* [YOUR OBJECTIVE]:
As the answer, set down the lines below from the one containing "Київщина отримала 379" through the one containing "High end vegetable", exactly and inclusively, and no others.

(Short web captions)

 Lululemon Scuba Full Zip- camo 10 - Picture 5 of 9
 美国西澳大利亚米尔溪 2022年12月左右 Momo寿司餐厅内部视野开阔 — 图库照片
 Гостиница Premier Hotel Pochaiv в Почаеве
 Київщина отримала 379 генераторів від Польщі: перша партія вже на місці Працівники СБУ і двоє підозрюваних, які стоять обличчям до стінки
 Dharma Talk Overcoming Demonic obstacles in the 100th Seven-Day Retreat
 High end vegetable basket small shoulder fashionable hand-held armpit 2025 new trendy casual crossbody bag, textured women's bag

--

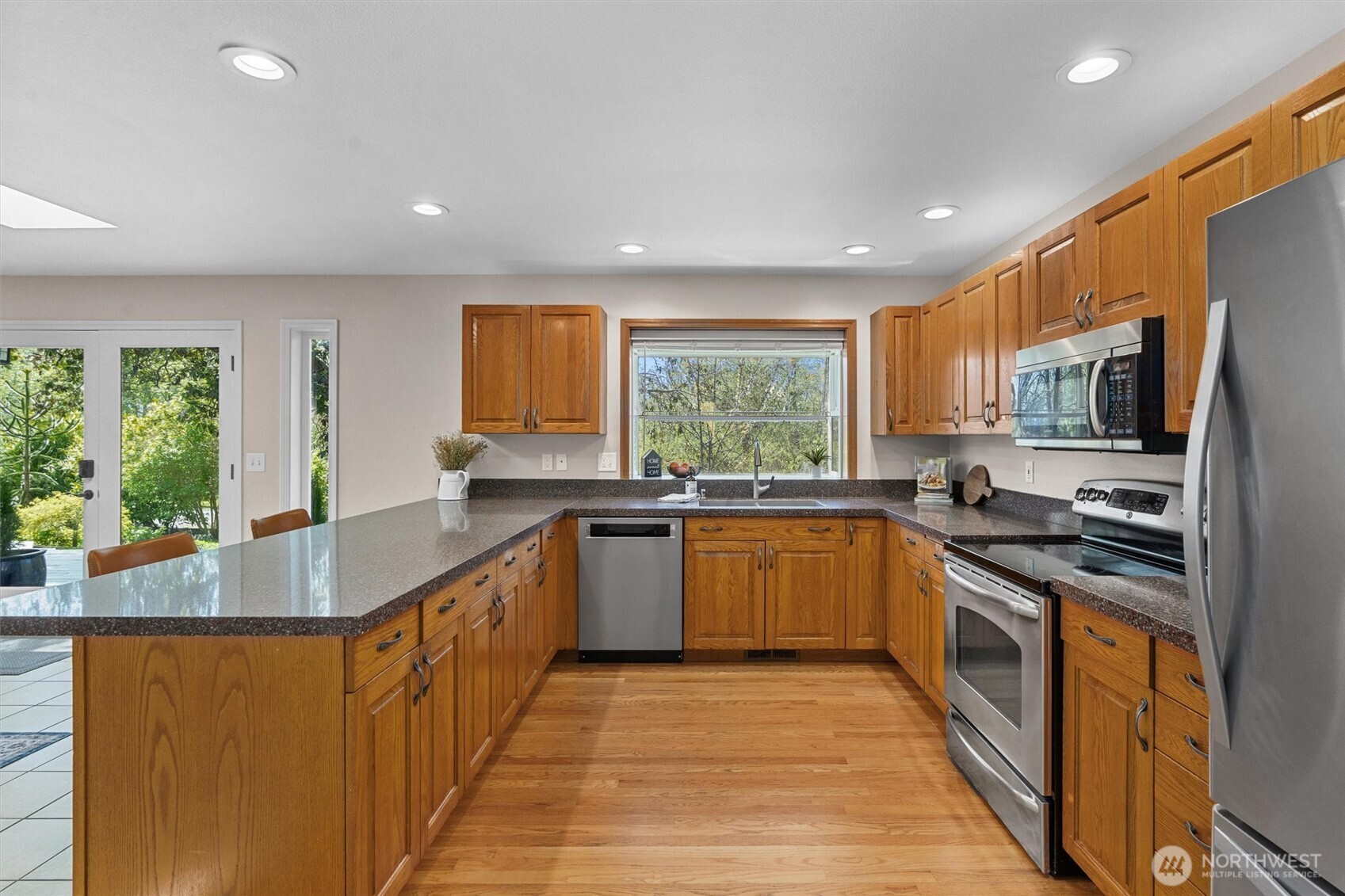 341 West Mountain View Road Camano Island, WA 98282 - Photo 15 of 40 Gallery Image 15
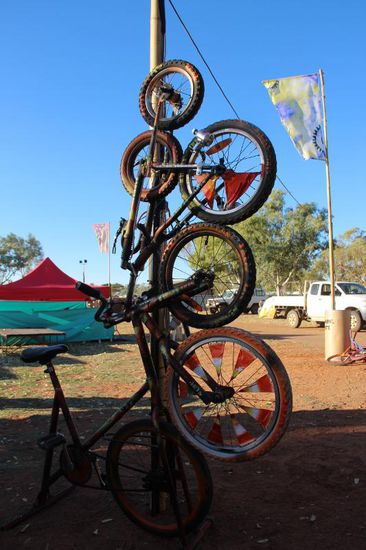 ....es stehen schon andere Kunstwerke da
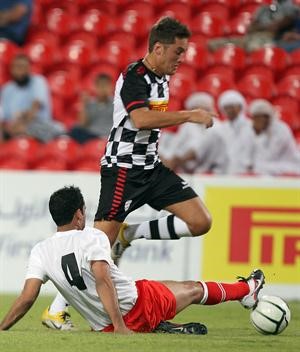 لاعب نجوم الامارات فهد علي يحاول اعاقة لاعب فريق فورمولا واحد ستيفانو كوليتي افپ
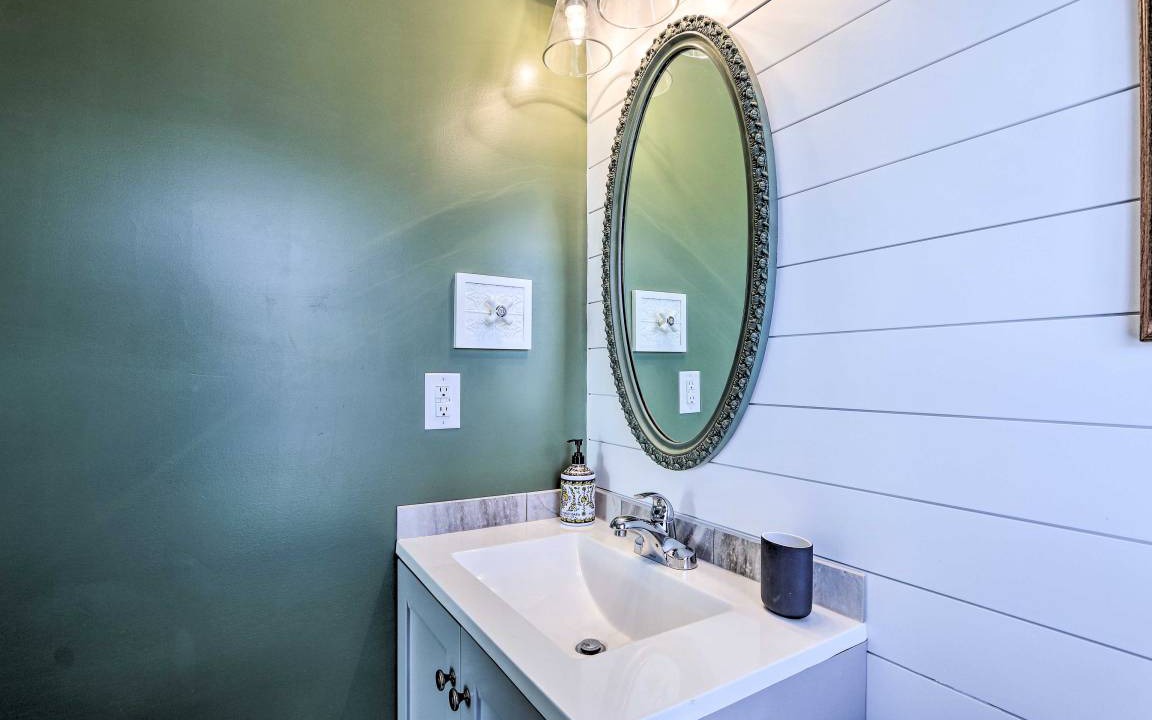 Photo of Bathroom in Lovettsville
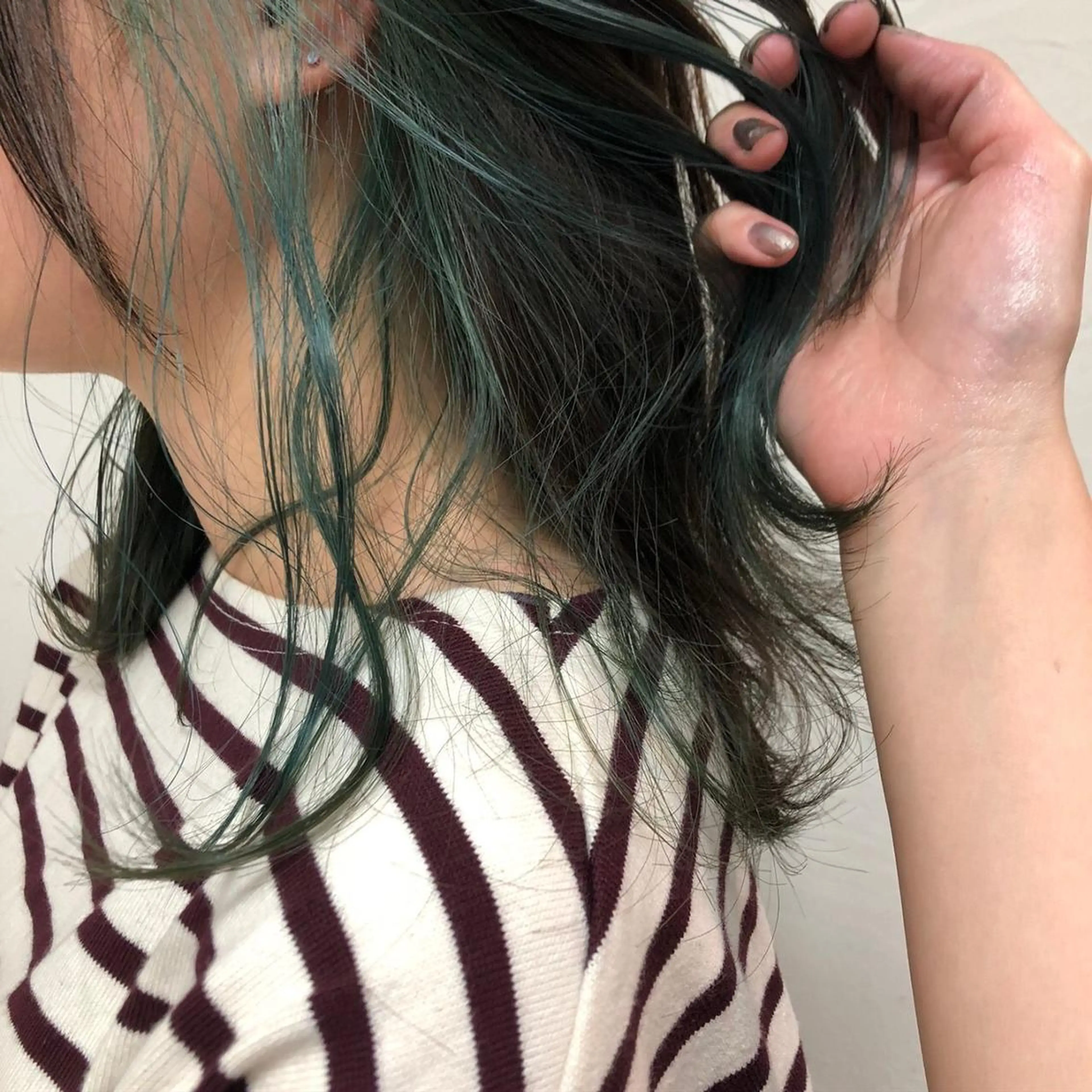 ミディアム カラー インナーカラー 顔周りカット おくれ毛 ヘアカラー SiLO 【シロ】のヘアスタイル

---

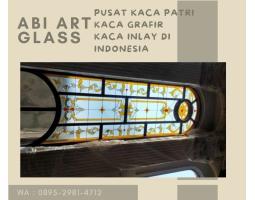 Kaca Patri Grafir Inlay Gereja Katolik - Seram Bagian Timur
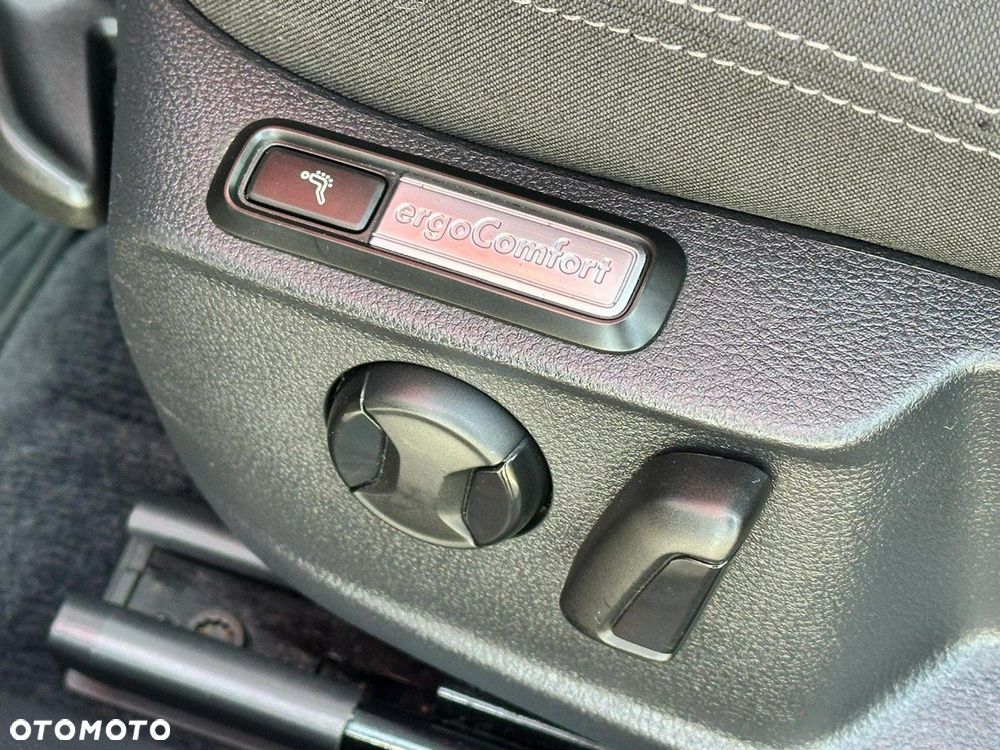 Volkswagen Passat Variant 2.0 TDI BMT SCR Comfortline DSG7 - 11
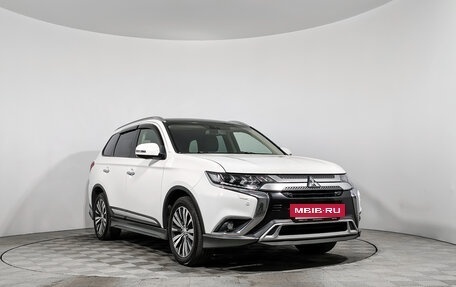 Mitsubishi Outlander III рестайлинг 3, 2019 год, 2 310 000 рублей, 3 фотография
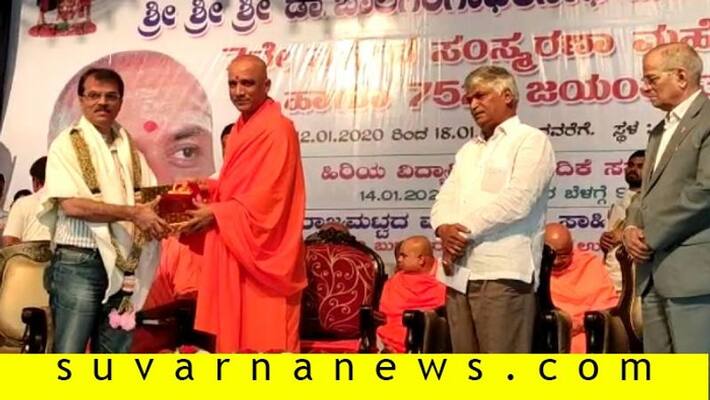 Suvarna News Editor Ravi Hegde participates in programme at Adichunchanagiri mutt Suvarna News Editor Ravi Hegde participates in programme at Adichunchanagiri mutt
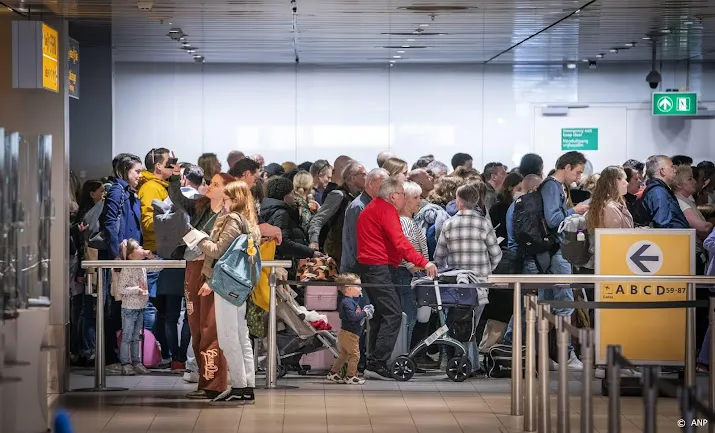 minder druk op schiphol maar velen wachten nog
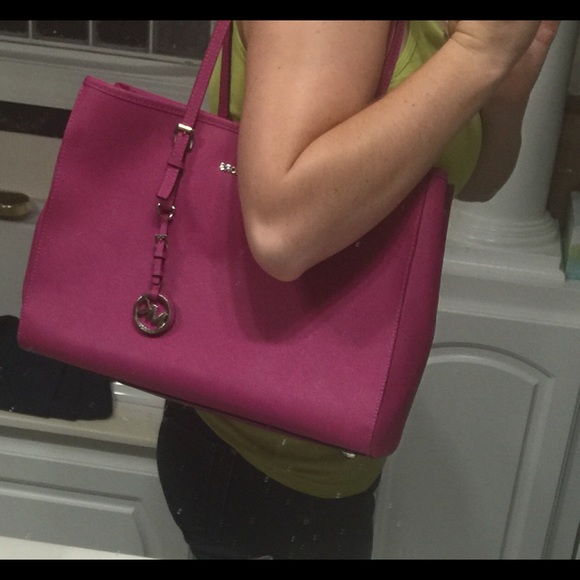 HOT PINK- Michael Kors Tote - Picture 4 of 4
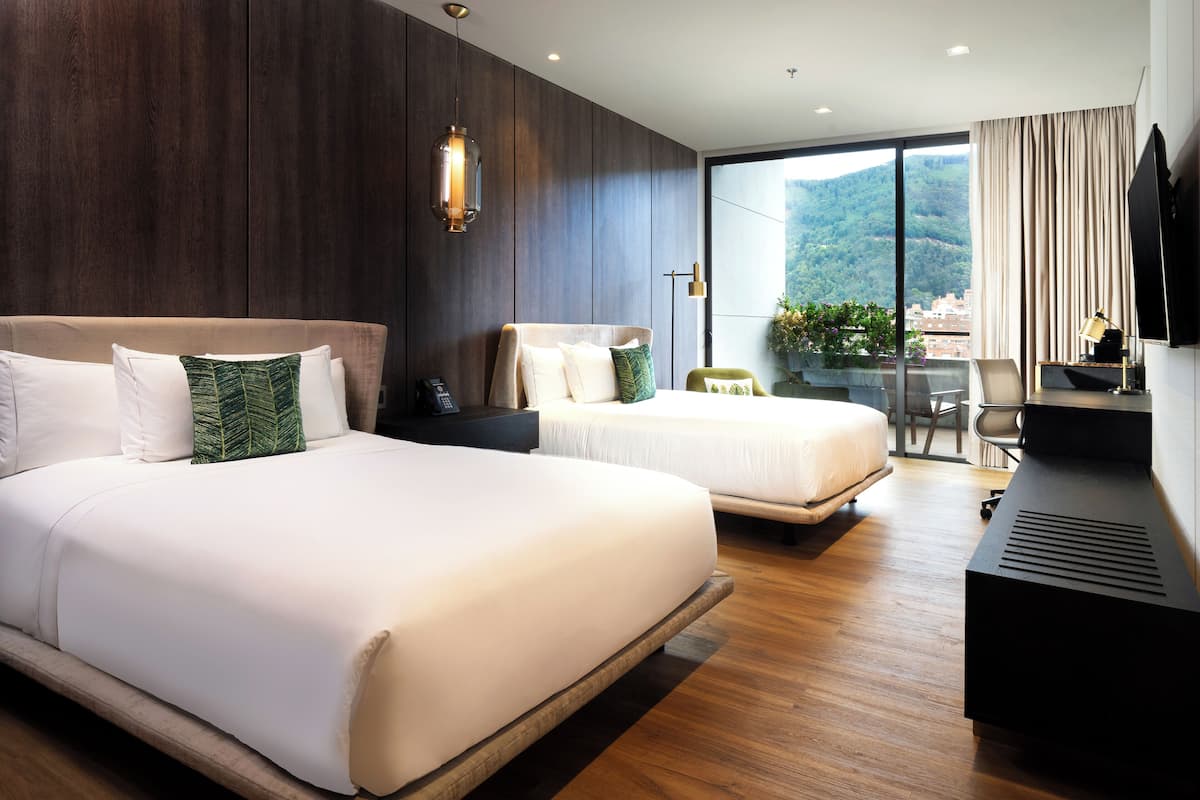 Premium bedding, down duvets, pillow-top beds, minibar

* [OUTPUT OF THE EXERCISE]:
 Київщина отримала 379 генераторів від Польщі: перша партія вже на місці Працівники СБУ і двоє підозрюваних, які стоять обличчям до стінки
 Dharma Talk Overcoming Demonic obstacles in the 100th Seven-Day Retreat
 High end vegetable basket small shoulder fashionable hand-held armpit 2025 new trendy casual crossbody bag, textured women's bag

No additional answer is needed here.